Frente a nosotros, Noche azul, grabado en el que un manso caballo blanco apenas logra sobresalir en una profunda noche añil con un cachito de luna. Rudy Espinoza habla acerca de las dificultades técnicas de aquella dulce pieza del 2013: “No fue fácil; este azul chupa mucha sangre”. Revelador lapsus.
¿Sangre? No, hablaba de tinta. Sin percatarse, se desnudó y mostró que la “tinta sangre” –sí, como la que nos canta Julio Jaramillo en Nuestra juramento – le imprime vida tanto a su existencia como a su obra.

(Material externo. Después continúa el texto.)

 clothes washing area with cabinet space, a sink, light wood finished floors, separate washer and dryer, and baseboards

A sus 62 años, este maestro no necesita probarle a nadie; sin embargo, se niega a retirarse y, desde su condición de pensionado, sigue haciendo grabados de múltiples temáticas, promoviendo esta técnica desde el Taller Nacional de Grabado en la Casa del Artista y exponiendo.

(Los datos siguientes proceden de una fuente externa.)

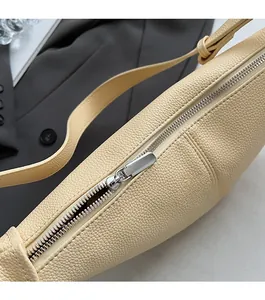 Close-up of smooth silver zipper and lychee pattern leather texture on beige crossbody bag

Ahora, celebra cuatro décadas de explorar todas las posibilidades del grabado en metal, ámbito en el que no solo muestra su pericia técnica, sino sus virtudes con el dibujo, su visión crítica acerca de temas álgidos, como la religión y la política, y su interés en el cuerpo humano, cierta animalística y otros tópicos que provocan a su curiosidad gráfica.
En 80 obras, 40 años de grabado en metal ofrece un recorrido por su trayectoria en las salas del Museo Calderón Guardia, ubicado en barrio Escalante.
Grabados en la mirada
Este viaje, organizado por los curadores Luis Núñez y Esteban Calvo, comienza en los años 70, cuando la obra de Espinoza mostraba preocupaciones por la arquitectura, la política, el paisaje, lo geométrico y lo abstracto.
Después abordó también lo religioso, la niñez, los animales, los cuerpos, el mar, la locura y hasta los sismos.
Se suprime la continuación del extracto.